Copy out the lines beginning at the one with "POVPREČJE :: Paka" and ending at the last line of the data, both included; pictures stay out.
===== PROVIDED ENTRIES =====
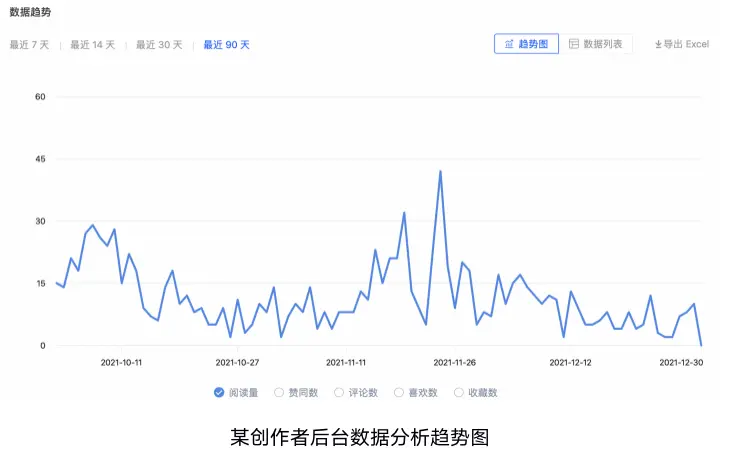 数字货币社区是干什么的_数字货币的社区是什么意思_选择数字货币时要关注的社区活跃度
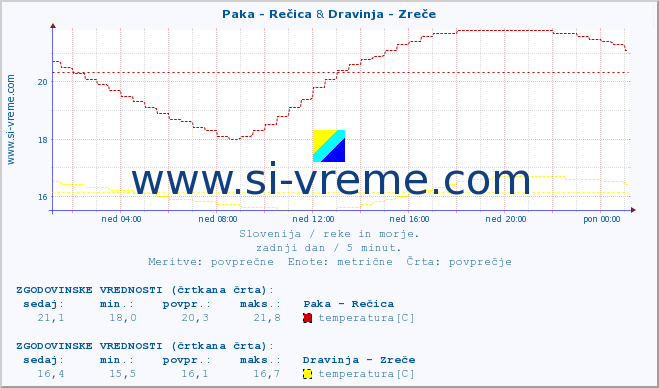 POVPREČJE :: Paka - Rečica & Dravinja - Zreče :: temperatura | pretok | višina :: zadnji dan / 5 minut.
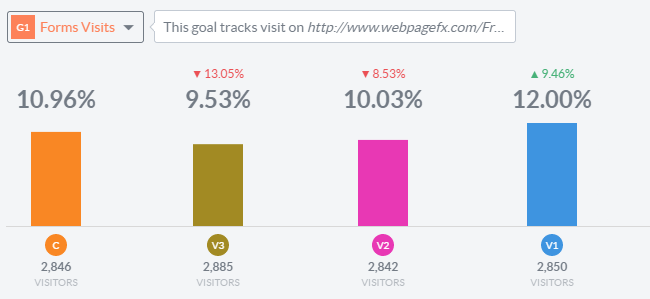 a/b testing buttons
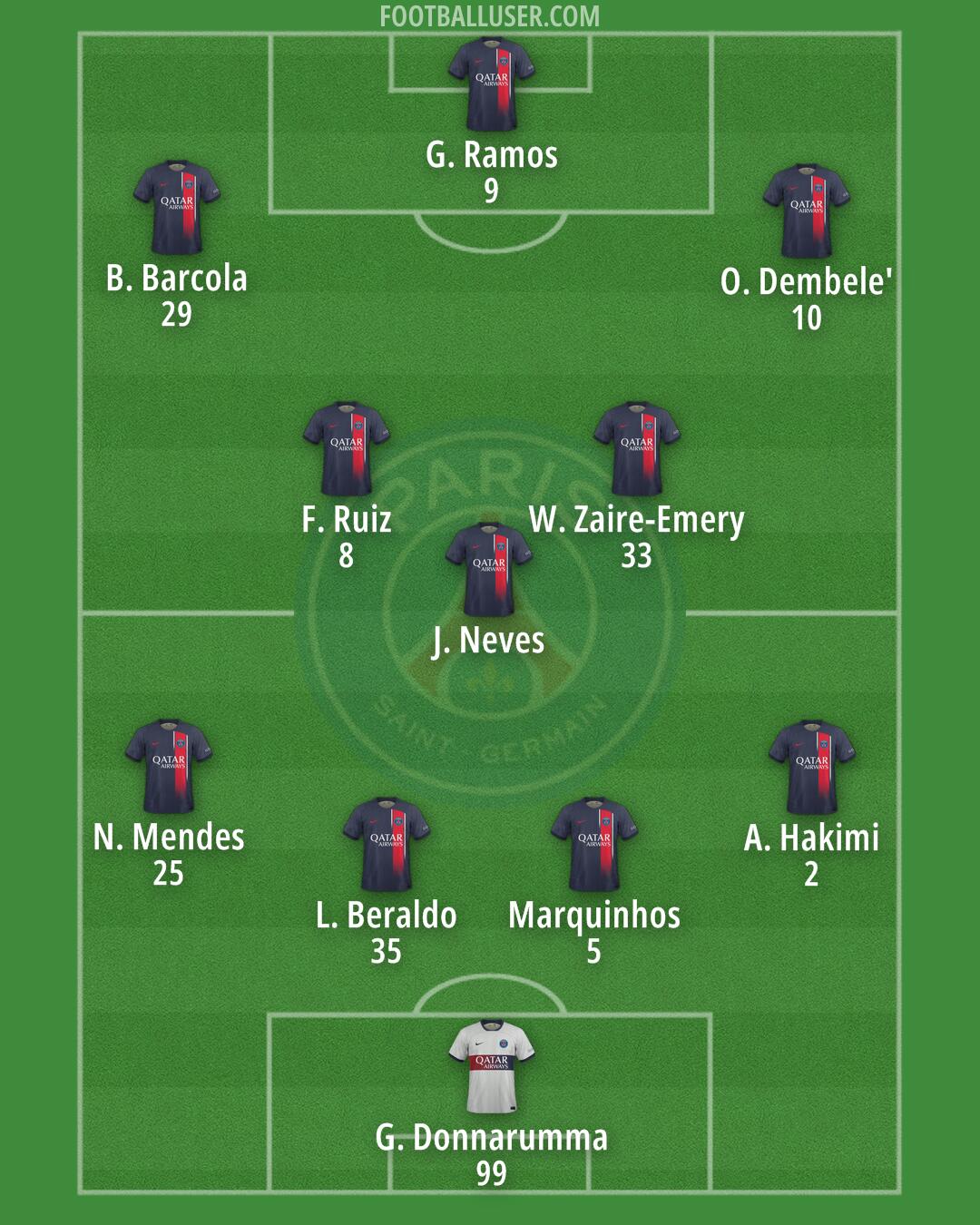 PSG Formation 2024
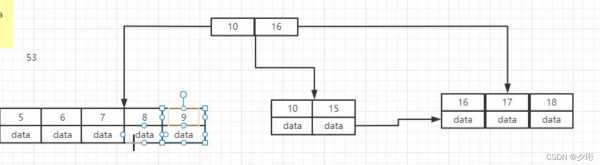遍历存储过程名称（遍历顺序）-图1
=====
COMPLETED TASK:
 POVPREČJE :: Paka - Rečica & Dravinja - Zreče :: temperatura | pretok | višina :: zadnji dan / 5 minut.
 a/b testing buttons
 PSG Formation 2024
遍历存储过程名称（遍历顺序）-图1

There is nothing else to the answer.